It’s a tough time to be an apparel and fashion retailer. On top of millions of people people having become jobless, many retail destinations have been deemed non-essential and have been forced to be closed or have voluntarily closed for the time being. And to make matters worse, the luxury economy has come to a crashing halt. This is just not the right economy for Neiman Marcus.
Standard & poor’s has downgraded the corporate credit ratings of The Neiman Marcus Group LLC to ‘CCC-‘ from ‘CCC.’ S&P also downgraded the issue-level rating on its term loan facility due in 2023 to ‘CCC-‘ from ‘CCC+’ and on its second lien notes down to ‘CC’ from ‘CCC.’ The third-lien and unsecured notes were downgraded to ‘C’ from ‘CC’ and the recovery rating on its first-lien debt was revised to ‘3’ from ‘2.’
The company’s store names and online operations cover Neiman Marcus, Bergdorf Goodman, Neiman Marcus Last Call, and Horchow.

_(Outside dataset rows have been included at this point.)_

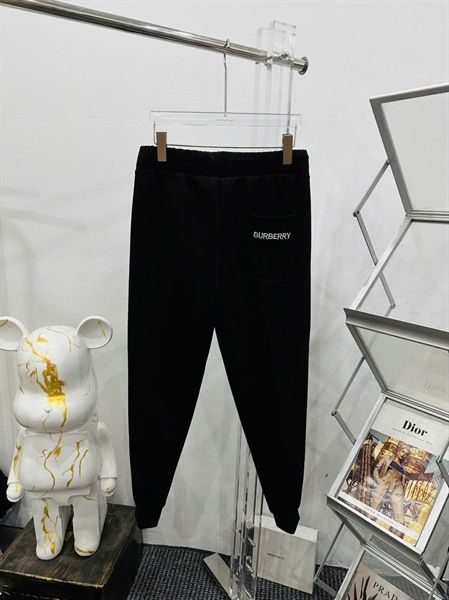 MK Jogger Nỉ SC BBR Chữ Túi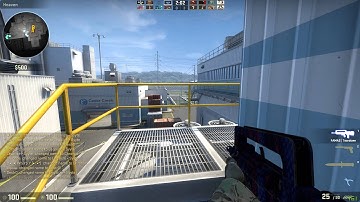 How many hackers in one CS:GO game? 2.0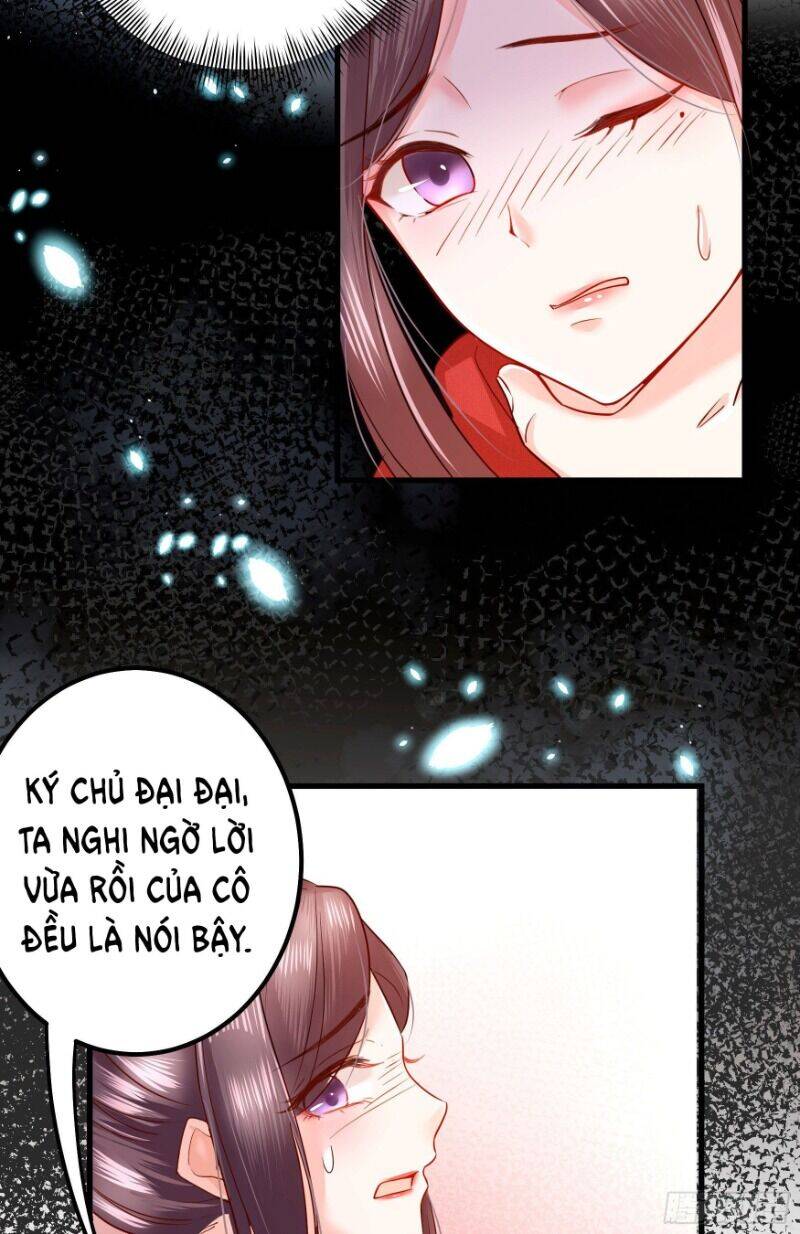 Ta Phải Làm Hoàng Hậu Chapter 8 - Trang 2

While these ratings are not good for any issuer of any sort, the Negative outlook means further credit ratings downgrades are likely. Once companies get their ratings moved below ‘C-‘ they get into default ratings. S&P’s Negative outlook suggests that there is an elevated potential that Neiman Marcus will undertake a restructuring this year, and possibly within the next six-month horizon.
The Wall Street Journal had reported in recent days that Neiman Marcus was among troubled retailers which have been reaching out to creditors to buy more time ahead of looming debt payments. That said, the problems have been ongoing here for some retailers long before the coronavirus showed up.
It was also just in the first half of March that Neiman Marcus launched new growth initiatives, but that was before the wheels came off the economy. Those steps included strengthening its omni-channel efforts, increasing its customer lifetime values, and streamlining the Last Call stores to focus on full-price selling. The company was also said to be reinvesting in its supply chain with planned sales of of two distribution centers in Texas.
By streamlining its Last Call efforts, Neiman Marcus was planning to shut down the majority of its Last Call stores by the first quarter of Fiscal Year 2021.
According to S&P, Neiman Marcus has remains a highly leveraged entity for several years. The ratings agency also warned that the company depends upon favorable market conditions and on strong execution to sustain its capital structure. S&P went as far as to say that the coronavirus and recession put Neiman Marcus’ prospects for a turnaround as increasingly low. The restructuring that was completed last June did not reduce the company’s nominal debt level and S&P continues to see its capital structure as unsustainable.
As for the Negative outlook, S&P sees an elevated risk of a bankruptcy filing or an additional restructuring in the next six months. The ratings agency did outline the potential for an upgrade, but the odds sound low:
We could raise our ratings on Neiman if its performance improves and we see a pathway for it to refinance its onerous capital structure at par. This would include the nearly $138 million of unsecured debt due October 2021.
With the outlook stuck on ‘Negative’ and with the COVID-19 economy set to impact luxury sales and regular sales for months ahead, the upgrade scenario seems rather bleak unless its creditors decide that there would be a better recovery by allowing it to operate rather than taking over its assets and operating costs.